Andreas Eugsters Fachkompetenz ist gefragt, wenn es um Cyberkriminalität und Betrugsdelikte mit einem Informatikhintergrund geht. Gerade erst hat er einen Betrüger ausfindig gemacht, der in einem Online-Auktionshaus mehr als 20 falsche Benutzerkonten führte und damit Scheinverkäufe tätigte. "Wer auf Online-Flohmärkten einen Artikel ersteht, zahlt in der Regel per Vorauskasse", erklärt Andreas Eugster. Das nutzen Kriminelle aus. "So etwas kann natürlich jedem passieren, aber die Täter sind im Netz nicht gänzlich anonym." Doch selbst wenn sie ausfindig gemacht werden, sind nicht alle Täter geständig. "Wir Polizisten müssen aufgrund der Spurenlage beweisen, dass es sich eindeutig um die Täterschaft handelt." Selbst wenn die Kriminellen auf virtuellen Plattformen ihr Unwesen treiben, ermittelt wird auch in der realen Welt. Andreas Eugster und seine Kollegen müssen alle zeitkritischen Fakten und Informationen sammeln, die Geschädigten befragen und alles Material auswerten.
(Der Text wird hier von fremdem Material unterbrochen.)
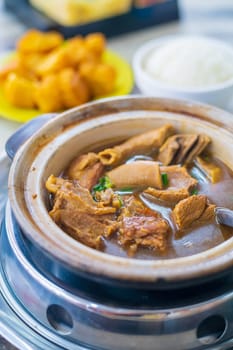 Malaysia famous food, bakuteh a Claypot Cooked Pork Rib Soup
Ausserdem hinterlassen auch Cyberkriminelle stets Spuren ausserhalb des von ihnen als vermeintlich sicher eingestuften Cyberspace: "Innerhalb der Schweiz kann man sich nur schwer ohne schriftliche Registrierungen, Formulare, Quittungen und ähnliches bewegen." Deshalb kommt es vor allem auf die gute Zusammenarbeit zwischen den Fachabteilungen der Polizei an, damit die Ermittlungen zum Erfolg führen. In den vergangenen Monaten hat Andreas Eugster bereits in zwei Fällen mit der Abteilung Cybercrime zusammengearbeitet. Bei einem ging es um eine internationale Verhaftungsaktion, die vom FBI in den USA koordiniert wurde. Weltweit wurden damals zeitgleich dutzende Hacker verhaftet, so auch im Kanton Zürich. Sie alle waren User einer speziellen Hackersoftware. In einem weiteren Fall ging es um Wohnungsbetrug. Die Betrüger priesen online Wohnungen zur Vermietung an, die gar nicht existierten oder bereits vermietet waren. "Solche Betrüger gehen äusserst professionell vor und haben psychologische Fähigkeiten, um Vertrauen zu gewinnen und so gezielt Personen zu beeinflussen", erklärt Andreas Eugster. Verzweifelte Wohnungssuchende hätten zwei Monatsmieten überwiesen, um sich die vermeintlich freie Wohnung zu sichern. Auf die Masche solcher Betrüger könnte jeder reinfallen, sagt Eugster. Jeder? Auch er? "Klar sage ich mir, dass ich nie einem Betrüger auf den Leim gehen würde, aber wer weiss das schon." Je nach Situation oder Lebensphase reagiere man anders.

«Niemand kommt mit seinem Informatikdiplom zur Kantonspolizei und ist dann Cyberpolizist. Der Weg zu solch einer Spezialisierung ist lang und setzt nebst Fachkenntnissen sehr viel Polizeierfahrung voraus.»

Zukunft als Cyberpolizist

Da das Internet keine Landesgrenzen kenne, dient es als Plattform für kriminelle Machenschaften aller Art: "Für Diebe ist es attraktiv, da sie auf diese Weise an viele Personen herankommen. Ich beobachte, wie bei uns jede Woche neue Fälle angezeigt werden, die in irgendeiner Form mit Internetkriminalität zu tun haben und wo ich mein Informatikwissen einbringen kann." Andreas Eugster verliert indes sein grosses Ziel nicht aus den Augen. Um der Abteilung Cybercrime wieder ein Stück näher zu kommen, absolviert er derzeit einen MAS in Economic Crime Investigation: "Das ist eine Weiterbildung im Bereich IT, Forensik und Wirtschaftskriminalität." Bald wird er seine Masterarbeit verfassen. "Die schreibe ich sicherlich zu einem Thema im Bereich Internetkriminalität, am besten in Zusammenarbeit mit der Abteilung Cybercrime." So kommt er seinem Traumberuf wieder ein Stück näher.